**Data for processing:**
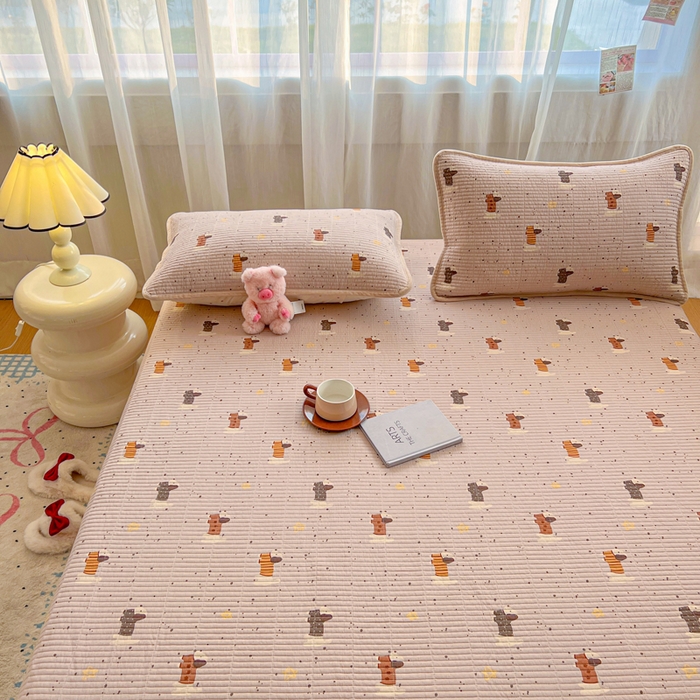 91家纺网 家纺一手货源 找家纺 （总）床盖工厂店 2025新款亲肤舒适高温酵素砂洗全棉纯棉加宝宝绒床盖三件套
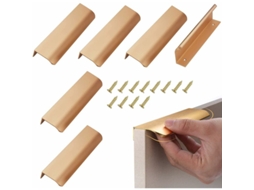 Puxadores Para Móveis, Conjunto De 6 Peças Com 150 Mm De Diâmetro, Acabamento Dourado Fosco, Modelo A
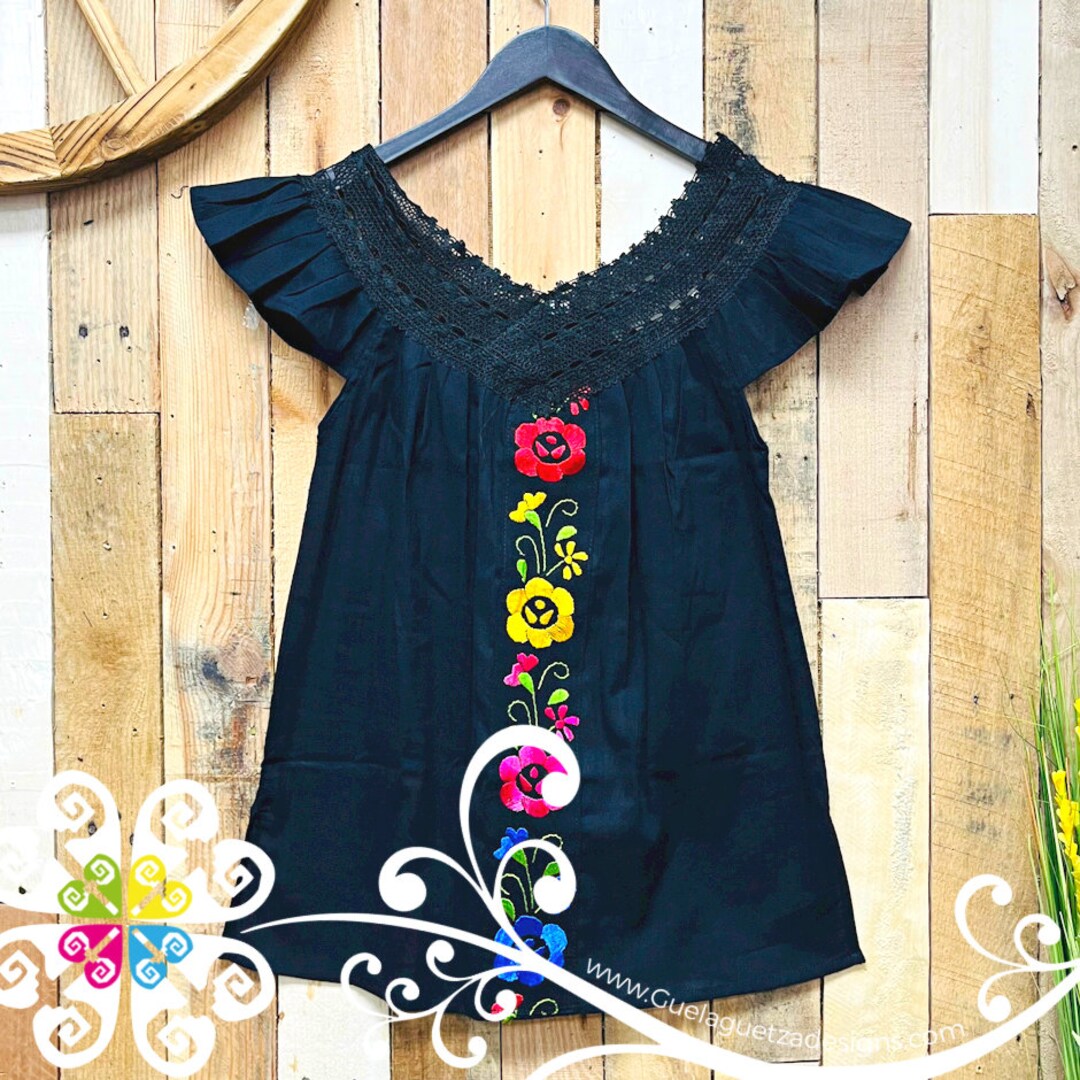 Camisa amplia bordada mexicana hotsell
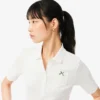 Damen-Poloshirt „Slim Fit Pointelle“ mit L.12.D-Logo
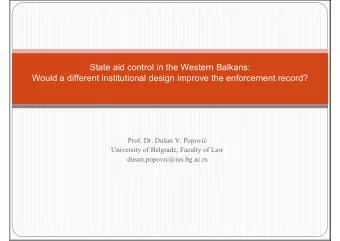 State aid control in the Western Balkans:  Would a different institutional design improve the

**Try it:** Transcribe all of the entries word for word, but skip any pictures they contain.

**Task solution:**
 91家纺网 家纺一手货源 找家纺 （总）床盖工厂店 2025新款亲肤舒适高温酵素砂洗全棉纯棉加宝宝绒床盖三件套
 Puxadores Para Móveis, Conjunto De 6 Peças Com 150 Mm De Diâmetro, Acabamento Dourado Fosco, Modelo A
 Camisa amplia bordada mexicana hotsell
 Damen-Poloshirt „Slim Fit Pointelle“ mit L.12.D-Logo
 State aid control in the Western Balkans:  Would a different institutional design improve the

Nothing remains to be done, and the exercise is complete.